Short descriptive text snippets:
━━━━

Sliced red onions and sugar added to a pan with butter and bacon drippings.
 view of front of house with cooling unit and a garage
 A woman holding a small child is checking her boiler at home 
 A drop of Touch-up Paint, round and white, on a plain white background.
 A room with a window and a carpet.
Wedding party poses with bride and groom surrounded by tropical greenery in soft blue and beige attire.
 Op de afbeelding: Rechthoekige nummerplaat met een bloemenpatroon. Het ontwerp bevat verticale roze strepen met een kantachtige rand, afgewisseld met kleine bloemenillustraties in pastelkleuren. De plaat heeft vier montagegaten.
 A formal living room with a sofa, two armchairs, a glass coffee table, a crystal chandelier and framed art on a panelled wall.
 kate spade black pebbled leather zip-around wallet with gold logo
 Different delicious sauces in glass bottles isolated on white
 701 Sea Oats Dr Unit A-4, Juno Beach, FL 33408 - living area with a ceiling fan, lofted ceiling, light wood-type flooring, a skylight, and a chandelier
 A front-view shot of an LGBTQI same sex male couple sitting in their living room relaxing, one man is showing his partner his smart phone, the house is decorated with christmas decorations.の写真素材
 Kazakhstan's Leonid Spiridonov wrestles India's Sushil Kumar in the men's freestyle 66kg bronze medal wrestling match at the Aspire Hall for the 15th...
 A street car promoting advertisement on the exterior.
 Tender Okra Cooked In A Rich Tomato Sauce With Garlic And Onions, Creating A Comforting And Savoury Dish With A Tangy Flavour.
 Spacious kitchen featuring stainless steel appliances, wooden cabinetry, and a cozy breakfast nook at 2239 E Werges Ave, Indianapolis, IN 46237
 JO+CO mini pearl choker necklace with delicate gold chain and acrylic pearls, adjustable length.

━━━━

#### [Task statement]
Print the first line of the records above and each line after it, exactly, through the line with "Wedding party poses".

#### [Result of the exercise]
Sliced red onions and sugar added to a pan with butter and bacon drippings.
 view of front of house with cooling unit and a garage
 A woman holding a small child is checking her boiler at home 
 A drop of Touch-up Paint, round and white, on a plain white background.
 A room with a window and a carpet.
Wedding party poses with bride and groom surrounded by tropical greenery in soft blue and beige attire.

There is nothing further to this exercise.